Work order: Reproduce only what runs from the line containing "Shadey Cottage Gampola Luaran gambar" to the line containing "Είναι αυτό το" in the records below, inclusive. Keep it exact, and keep the pictures out.

Data extract:
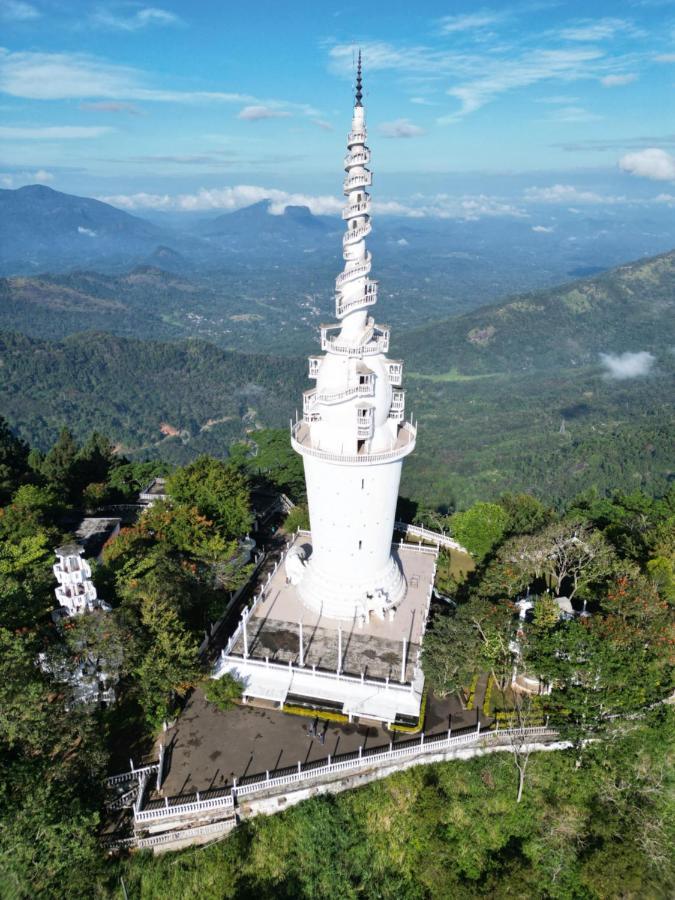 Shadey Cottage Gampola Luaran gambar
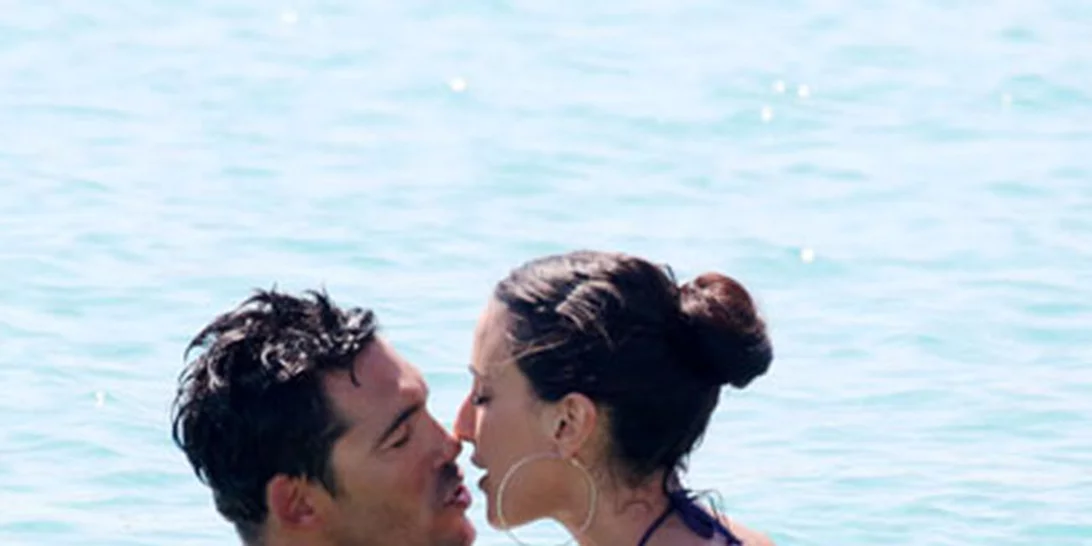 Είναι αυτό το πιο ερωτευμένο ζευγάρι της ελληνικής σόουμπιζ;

...

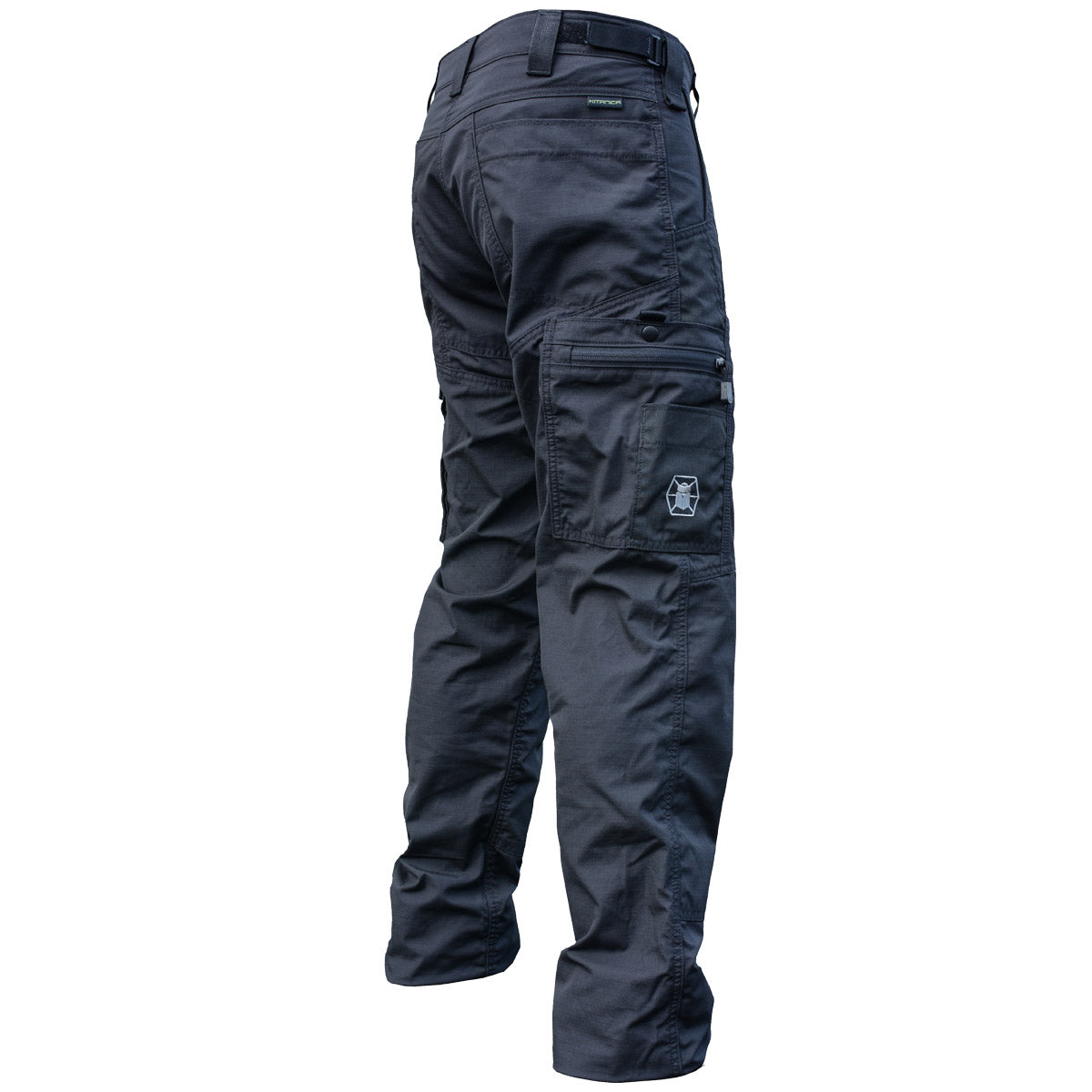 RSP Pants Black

Result for this task:
 Shadey Cottage Gampola Luaran gambar
 Είναι αυτό το πιο ερωτευμένο ζευγάρι της ελληνικής σόουμπιζ;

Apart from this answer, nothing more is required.